==== Exercise data

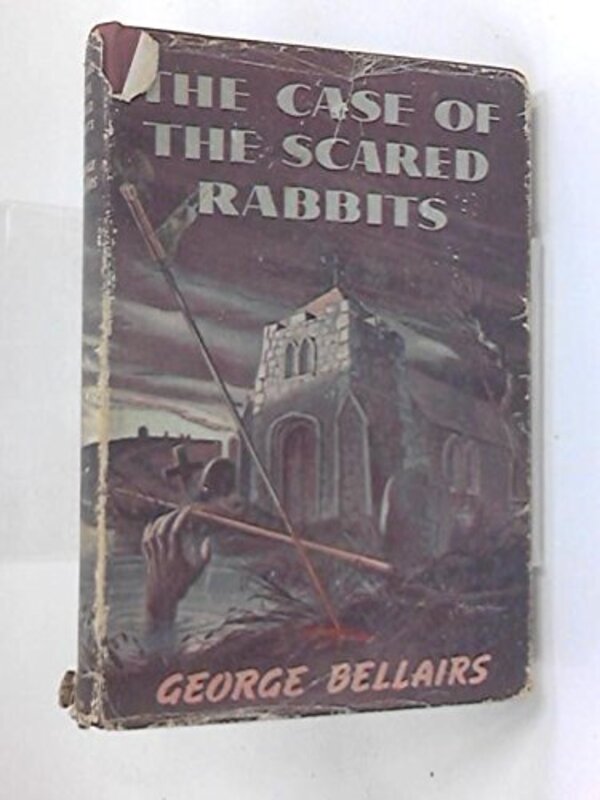Book cover for "The Case of the Scared Rabbits" by George Bellairs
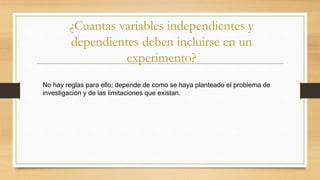 ¿Cuantas variables independientes y
dependientes deben incluirse en un
experimento?
No hay reglas para ello; depende de como se haya planteado el problema de
investigación y de las limitaciones que existan.
 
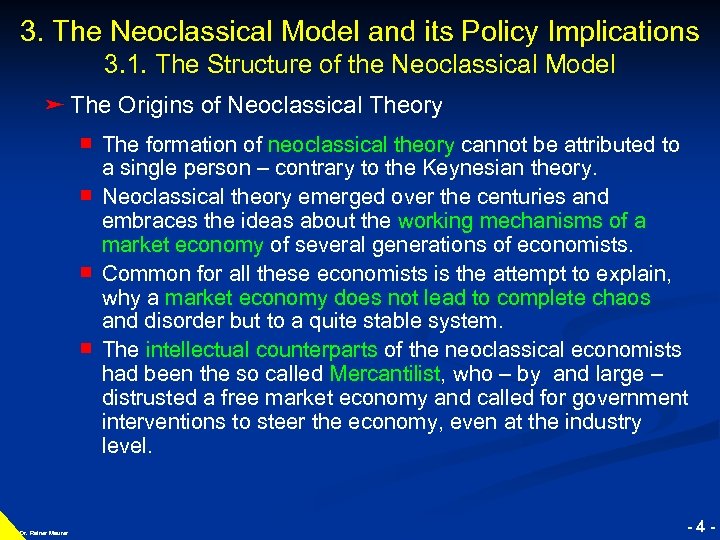 3. The Neoclassical Model and its Policy Implications 3. 1. The Structure of the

========

_What you need to do:_ Retype the listing exactly. Pictures do not belong in the copy.

_Answer to this task:_
Book cover for "The Case of the Scared Rabbits" by George Bellairs
 ¿Cuantas variables independientes y
dependientes deben incluirse en un
experimento?
No hay reglas para ello; depende de como se haya planteado el problema de
investigación y de las limitaciones que existan.
 
 3. The Neoclassical Model and its Policy Implications 3. 1. The Structure of the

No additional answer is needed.